The aims of this study were to (1) evaluate patient satisfaction with pain control therapy using a self-reporting pain assessment tool, (2) explore the usefulness of a self-reporting assessment tool for patients and physicians, and (3) evaluate patient perception of pain management and opioid analgesics.
We enrolled a total of 587 South Korean adult cancer patients hospitalized for five days or more. Pain assessment using a self-reporting pain assessment tool was performed by patients themselves from Day 1 to Day 5. The average pain intensity on a numeric rating scale (NRS) and the frequency of breakthrough pain between Day 1 and Day 5 were recorded with a self-reporting pain assessment tool. We evaluated patient satisfaction with pain control and the usefulness of a self-reporting pain assessment tool for patients and physicians on Day 5.
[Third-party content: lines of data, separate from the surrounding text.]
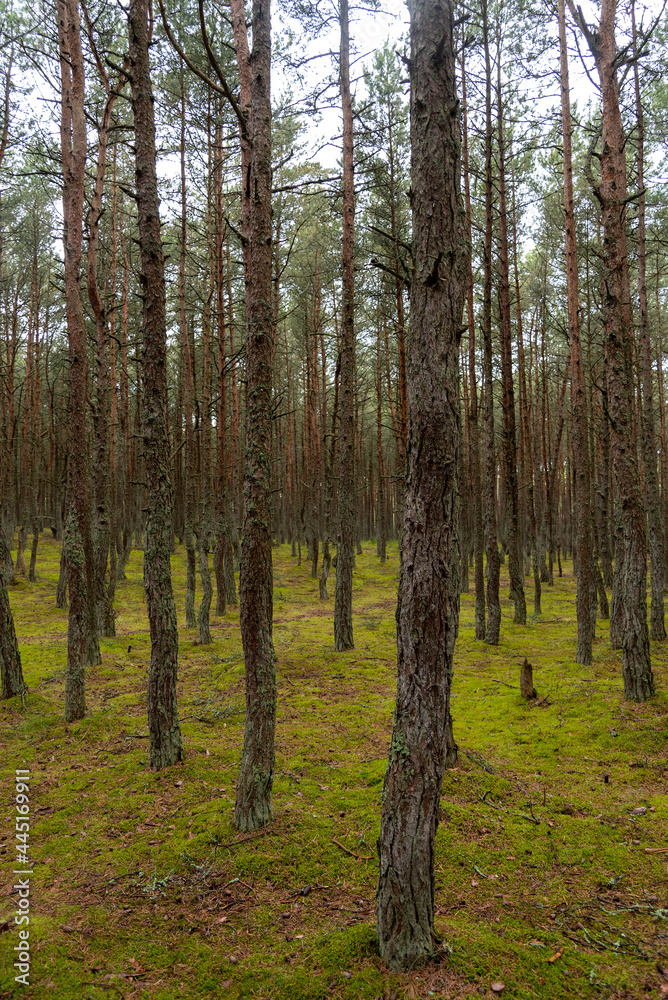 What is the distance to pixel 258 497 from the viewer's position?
4.57 m

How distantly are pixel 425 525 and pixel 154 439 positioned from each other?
3804mm

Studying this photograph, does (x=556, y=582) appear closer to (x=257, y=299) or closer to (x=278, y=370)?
(x=278, y=370)

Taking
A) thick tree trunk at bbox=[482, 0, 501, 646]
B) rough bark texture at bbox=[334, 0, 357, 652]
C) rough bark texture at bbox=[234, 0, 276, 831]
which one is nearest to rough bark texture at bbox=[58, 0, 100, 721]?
rough bark texture at bbox=[234, 0, 276, 831]

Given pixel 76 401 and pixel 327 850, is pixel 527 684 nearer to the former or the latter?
pixel 327 850

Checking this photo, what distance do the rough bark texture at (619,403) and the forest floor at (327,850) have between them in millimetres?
800

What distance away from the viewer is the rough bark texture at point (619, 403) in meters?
7.29

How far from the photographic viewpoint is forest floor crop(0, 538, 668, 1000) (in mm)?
3246

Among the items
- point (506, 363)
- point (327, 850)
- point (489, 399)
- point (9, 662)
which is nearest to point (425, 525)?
point (327, 850)

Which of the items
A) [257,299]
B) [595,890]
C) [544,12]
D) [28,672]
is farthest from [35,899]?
[544,12]

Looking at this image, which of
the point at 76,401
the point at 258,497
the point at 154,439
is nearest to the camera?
the point at 258,497

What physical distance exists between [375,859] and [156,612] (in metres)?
3.25

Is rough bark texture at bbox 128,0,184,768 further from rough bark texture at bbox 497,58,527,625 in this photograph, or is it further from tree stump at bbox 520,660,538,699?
rough bark texture at bbox 497,58,527,625

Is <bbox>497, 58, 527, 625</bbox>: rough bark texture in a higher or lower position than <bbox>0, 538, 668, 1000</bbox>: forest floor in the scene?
higher

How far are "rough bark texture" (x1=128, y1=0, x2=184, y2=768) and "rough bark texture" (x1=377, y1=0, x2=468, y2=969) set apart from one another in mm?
3468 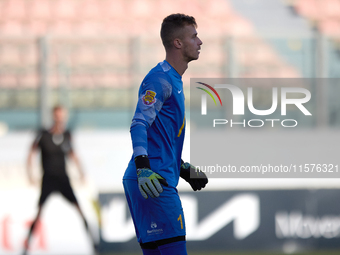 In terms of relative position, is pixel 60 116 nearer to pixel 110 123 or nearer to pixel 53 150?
pixel 53 150

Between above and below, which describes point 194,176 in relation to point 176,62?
below

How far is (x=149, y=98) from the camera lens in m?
2.50

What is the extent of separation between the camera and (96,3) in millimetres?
8086

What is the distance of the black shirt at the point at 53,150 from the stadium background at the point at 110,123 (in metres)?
0.12

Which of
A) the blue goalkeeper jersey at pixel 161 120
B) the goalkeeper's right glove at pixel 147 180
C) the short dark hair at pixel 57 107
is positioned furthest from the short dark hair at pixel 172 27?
the short dark hair at pixel 57 107

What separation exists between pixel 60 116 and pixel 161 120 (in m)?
3.86

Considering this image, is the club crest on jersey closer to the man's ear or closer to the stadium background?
the man's ear

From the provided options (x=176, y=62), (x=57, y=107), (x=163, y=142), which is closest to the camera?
(x=163, y=142)

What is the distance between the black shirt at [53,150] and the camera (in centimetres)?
627

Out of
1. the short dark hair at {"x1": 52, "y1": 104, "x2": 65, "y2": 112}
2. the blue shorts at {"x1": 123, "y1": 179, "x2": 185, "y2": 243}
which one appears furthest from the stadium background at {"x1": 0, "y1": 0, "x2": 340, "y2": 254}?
the blue shorts at {"x1": 123, "y1": 179, "x2": 185, "y2": 243}

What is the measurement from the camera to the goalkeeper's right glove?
2.35m

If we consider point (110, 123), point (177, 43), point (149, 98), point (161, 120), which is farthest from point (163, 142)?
point (110, 123)

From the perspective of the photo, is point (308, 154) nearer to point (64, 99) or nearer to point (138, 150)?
point (64, 99)

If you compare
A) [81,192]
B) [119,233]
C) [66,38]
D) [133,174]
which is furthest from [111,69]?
[133,174] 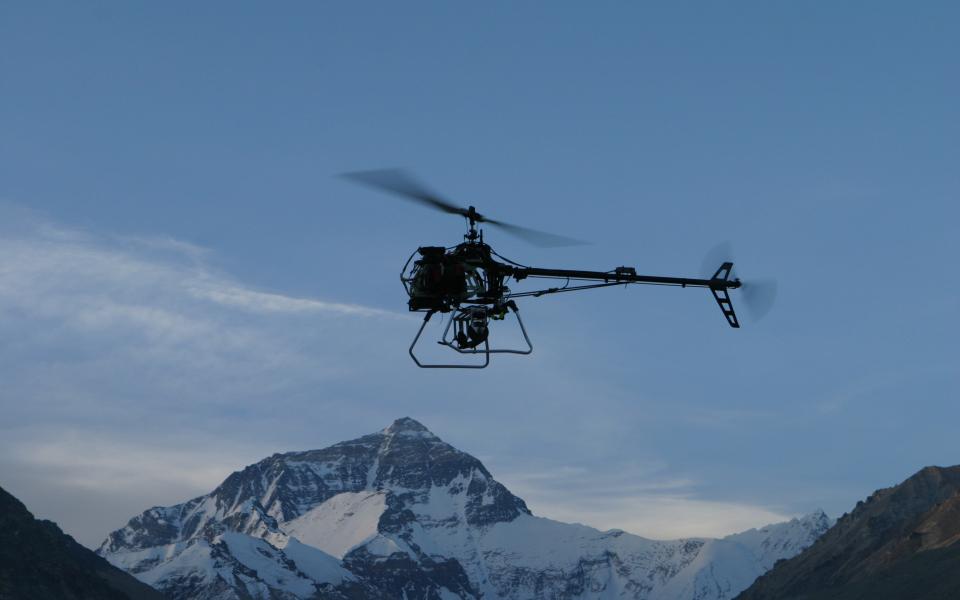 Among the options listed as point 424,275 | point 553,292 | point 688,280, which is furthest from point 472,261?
point 688,280

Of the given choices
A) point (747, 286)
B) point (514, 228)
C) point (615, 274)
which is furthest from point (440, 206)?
point (747, 286)

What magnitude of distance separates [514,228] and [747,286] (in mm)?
14882

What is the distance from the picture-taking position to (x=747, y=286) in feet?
209

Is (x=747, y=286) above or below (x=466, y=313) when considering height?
above

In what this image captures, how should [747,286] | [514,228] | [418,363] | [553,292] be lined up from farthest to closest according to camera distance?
[747,286] < [553,292] < [514,228] < [418,363]

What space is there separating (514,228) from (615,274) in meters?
8.42

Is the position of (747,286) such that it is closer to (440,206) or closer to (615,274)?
(615,274)

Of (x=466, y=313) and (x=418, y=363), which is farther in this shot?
(x=466, y=313)

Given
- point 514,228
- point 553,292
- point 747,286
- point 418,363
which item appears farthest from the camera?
point 747,286

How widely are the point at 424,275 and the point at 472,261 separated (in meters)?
1.87

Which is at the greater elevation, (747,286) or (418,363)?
(747,286)

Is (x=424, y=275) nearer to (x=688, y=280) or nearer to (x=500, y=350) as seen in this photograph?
(x=500, y=350)

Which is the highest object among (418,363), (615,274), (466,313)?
(615,274)

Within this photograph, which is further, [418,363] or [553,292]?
[553,292] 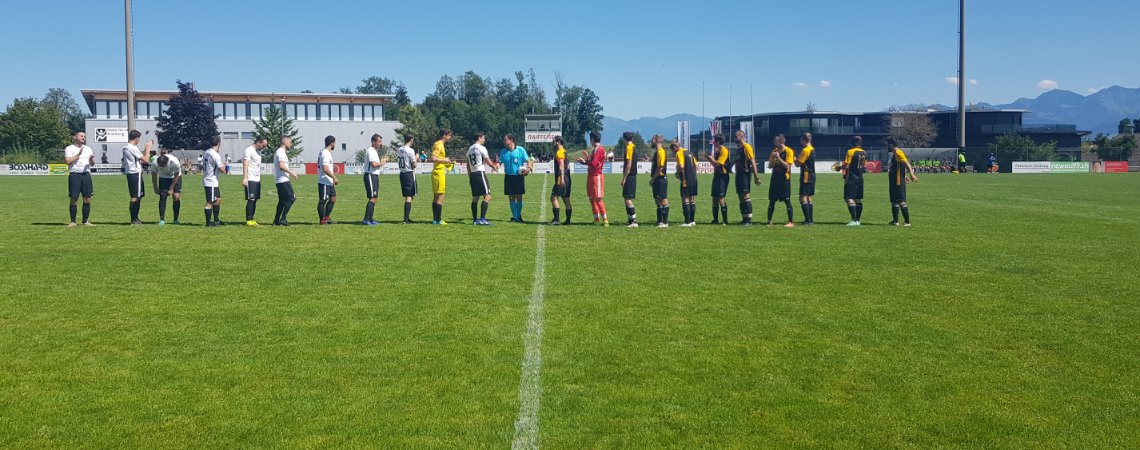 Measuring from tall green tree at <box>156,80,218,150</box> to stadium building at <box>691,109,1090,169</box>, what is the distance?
1979 inches

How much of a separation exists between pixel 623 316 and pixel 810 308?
5.69 ft

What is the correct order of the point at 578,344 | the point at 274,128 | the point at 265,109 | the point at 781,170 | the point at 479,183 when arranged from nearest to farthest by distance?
the point at 578,344, the point at 781,170, the point at 479,183, the point at 274,128, the point at 265,109

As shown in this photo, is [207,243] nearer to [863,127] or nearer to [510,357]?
[510,357]

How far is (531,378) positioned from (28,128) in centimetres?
8708

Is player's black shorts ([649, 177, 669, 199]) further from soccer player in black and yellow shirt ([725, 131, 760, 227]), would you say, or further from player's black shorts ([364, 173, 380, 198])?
player's black shorts ([364, 173, 380, 198])

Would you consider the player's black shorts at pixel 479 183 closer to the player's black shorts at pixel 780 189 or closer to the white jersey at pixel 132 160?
the player's black shorts at pixel 780 189

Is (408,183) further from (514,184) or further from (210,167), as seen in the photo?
(210,167)

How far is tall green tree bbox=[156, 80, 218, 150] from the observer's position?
77.1 metres

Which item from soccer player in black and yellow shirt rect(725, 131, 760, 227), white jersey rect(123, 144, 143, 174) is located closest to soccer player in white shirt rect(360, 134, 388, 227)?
white jersey rect(123, 144, 143, 174)

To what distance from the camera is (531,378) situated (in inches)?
223

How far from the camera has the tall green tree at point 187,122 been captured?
77.1 m

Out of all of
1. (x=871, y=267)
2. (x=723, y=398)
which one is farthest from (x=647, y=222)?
(x=723, y=398)

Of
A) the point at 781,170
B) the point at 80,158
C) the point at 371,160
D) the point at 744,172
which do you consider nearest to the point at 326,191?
the point at 371,160

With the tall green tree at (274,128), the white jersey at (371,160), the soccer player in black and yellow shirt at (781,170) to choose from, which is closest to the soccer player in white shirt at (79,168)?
the white jersey at (371,160) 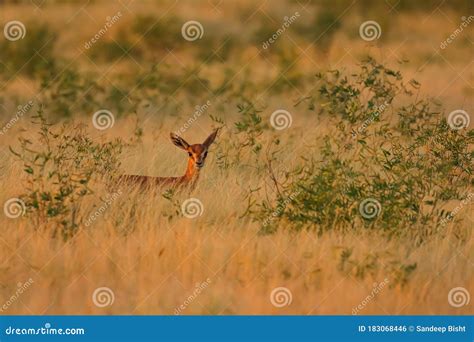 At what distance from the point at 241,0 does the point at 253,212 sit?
17314mm

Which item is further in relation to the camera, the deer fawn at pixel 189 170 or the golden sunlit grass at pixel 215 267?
the deer fawn at pixel 189 170

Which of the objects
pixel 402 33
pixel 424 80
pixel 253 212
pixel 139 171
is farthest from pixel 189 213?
pixel 402 33

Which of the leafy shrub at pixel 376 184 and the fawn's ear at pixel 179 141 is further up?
the fawn's ear at pixel 179 141

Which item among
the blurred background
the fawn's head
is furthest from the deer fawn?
the blurred background

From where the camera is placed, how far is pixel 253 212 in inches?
365

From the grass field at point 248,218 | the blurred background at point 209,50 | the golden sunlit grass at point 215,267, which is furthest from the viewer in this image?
the blurred background at point 209,50

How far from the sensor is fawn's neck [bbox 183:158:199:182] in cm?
1062

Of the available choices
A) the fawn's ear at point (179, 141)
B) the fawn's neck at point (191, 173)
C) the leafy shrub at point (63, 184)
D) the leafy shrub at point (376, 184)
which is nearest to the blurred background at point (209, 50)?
the fawn's ear at point (179, 141)

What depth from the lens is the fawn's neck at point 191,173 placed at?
10.6 metres

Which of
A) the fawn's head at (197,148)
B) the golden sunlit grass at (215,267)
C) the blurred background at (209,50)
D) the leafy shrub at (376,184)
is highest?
the blurred background at (209,50)

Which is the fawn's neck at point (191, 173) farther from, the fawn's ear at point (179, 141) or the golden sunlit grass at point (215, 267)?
the golden sunlit grass at point (215, 267)

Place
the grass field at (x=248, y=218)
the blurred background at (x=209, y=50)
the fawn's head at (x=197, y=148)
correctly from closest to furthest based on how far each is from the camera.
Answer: the grass field at (x=248, y=218) < the fawn's head at (x=197, y=148) < the blurred background at (x=209, y=50)

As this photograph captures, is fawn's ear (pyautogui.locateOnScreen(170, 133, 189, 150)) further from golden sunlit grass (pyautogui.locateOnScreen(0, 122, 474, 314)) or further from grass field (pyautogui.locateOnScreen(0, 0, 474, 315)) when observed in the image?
golden sunlit grass (pyautogui.locateOnScreen(0, 122, 474, 314))

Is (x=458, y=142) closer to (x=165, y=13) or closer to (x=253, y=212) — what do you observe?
(x=253, y=212) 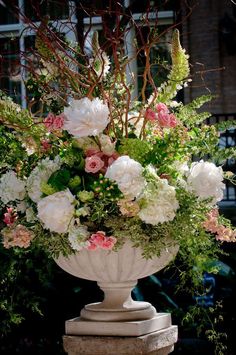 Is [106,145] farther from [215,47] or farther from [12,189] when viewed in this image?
[215,47]

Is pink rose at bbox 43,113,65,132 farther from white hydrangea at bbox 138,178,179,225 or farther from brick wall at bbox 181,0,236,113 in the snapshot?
brick wall at bbox 181,0,236,113

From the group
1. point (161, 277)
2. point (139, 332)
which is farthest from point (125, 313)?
point (161, 277)

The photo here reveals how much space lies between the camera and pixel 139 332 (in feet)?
12.2

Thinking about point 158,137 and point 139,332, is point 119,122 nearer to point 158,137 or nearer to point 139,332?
point 158,137

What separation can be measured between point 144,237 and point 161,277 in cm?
337

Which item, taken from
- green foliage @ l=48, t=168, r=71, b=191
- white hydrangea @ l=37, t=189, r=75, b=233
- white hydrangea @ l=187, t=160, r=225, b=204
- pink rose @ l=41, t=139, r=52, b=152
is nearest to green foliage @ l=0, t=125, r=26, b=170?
pink rose @ l=41, t=139, r=52, b=152

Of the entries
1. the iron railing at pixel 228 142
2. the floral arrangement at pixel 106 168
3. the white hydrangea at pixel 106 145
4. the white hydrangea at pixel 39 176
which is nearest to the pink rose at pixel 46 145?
the floral arrangement at pixel 106 168

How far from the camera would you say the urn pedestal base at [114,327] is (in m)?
3.73

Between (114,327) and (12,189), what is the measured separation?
769 mm

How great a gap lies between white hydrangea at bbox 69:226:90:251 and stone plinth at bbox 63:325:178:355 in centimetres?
49

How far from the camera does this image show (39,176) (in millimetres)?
3660

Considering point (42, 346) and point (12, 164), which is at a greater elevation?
point (12, 164)

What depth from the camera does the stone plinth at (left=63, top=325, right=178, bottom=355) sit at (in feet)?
12.2

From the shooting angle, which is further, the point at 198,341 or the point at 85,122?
the point at 198,341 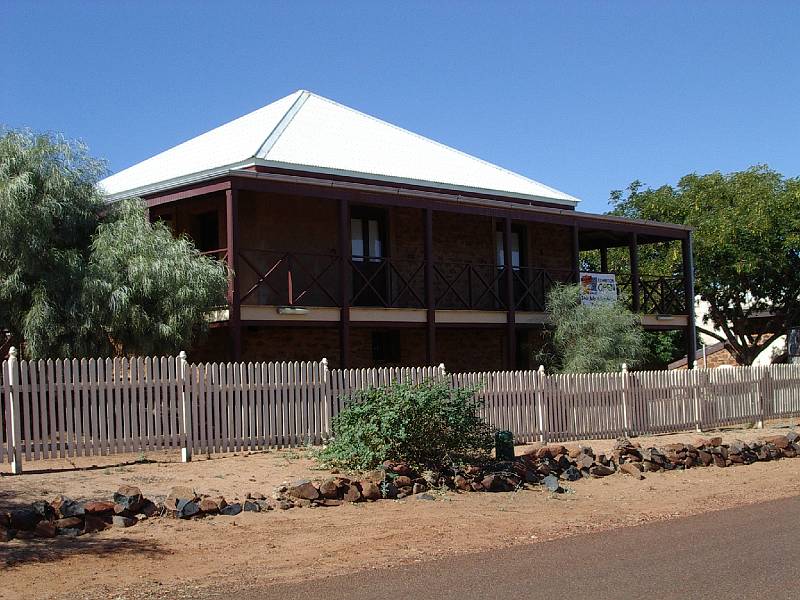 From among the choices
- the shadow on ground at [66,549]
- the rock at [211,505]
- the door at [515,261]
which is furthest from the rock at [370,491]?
the door at [515,261]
Among the 587 enrolled patients, 551, excluding 36 patients who violated inclusion criteria, were analyzed. The pain satisfaction rate was 79.5%, and only 6.2% of assessed patients had a negative pain management index (PMI). However, symmetry analysis for pain intensity between patient and physician showed low agreement (kappa=0.21). The patients with dissatisfaction for cancer pain control expressed negative attitudes toward using opioid analgesics and misconceptions regarding pain management. The satisfaction for using a self-reporting pain assessment tool was 79.2% in patients and 86.4% in physicians, respectively.
The use of a self-reporting pain assessment tool as a communication instrument provides an effective foundation for evaluating pain intensity in cancer pain management. A more individualized approach to patient education about pain management may improve patient outcome.
疼痛是癌症患者最常见且令人痛苦的症状之一,患病率高达90%。恰当的疼痛评估对于癌症疼痛管理非常重要。
本研究的目的是:(1)使用自我报告疼痛评估工具评估患者对疼痛控制治疗的满意度;(2)探索自我报告评估工具对患者和医生的有用性;(3)评估患者对疼痛管理和阿片类镇痛药的认知。
我们共纳入了587名住院5天及以上的韩国成年癌症患者。患者在第1天至第5天使用自我报告疼痛评估工具进行疼痛评估。使用自我报告疼痛评估工具记录数字评分量表(NRS)上第1天至第5天的平均疼痛强度以及爆发性疼痛的频率。我们在第5天评估患者对疼痛控制的满意度以及自我报告疼痛评估工具对患者和医生的有用性。
在587名纳入患者中,排除36名违反纳入标准的患者后,对551名患者进行了分析。疼痛满意度为79.5%,仅6.2%的评估患者疼痛管理指数(PMI)为阴性。然而,患者与医生之间疼痛强度的对称性分析显示一致性较低(kappa = 0.21)。对癌症疼痛控制不满意的患者对使用阿片类镇痛药持消极态度,且对疼痛管理存在误解。患者对使用自我报告疼痛评估工具的满意度为79.2%,医生为86.4%。
使用自我报告疼痛评估工具作为沟通手段为评估癌症疼痛管理中的疼痛强度提供了有效的基础。采用更个性化的方法对患者进行疼痛管理教育可能会改善患者的治疗效果。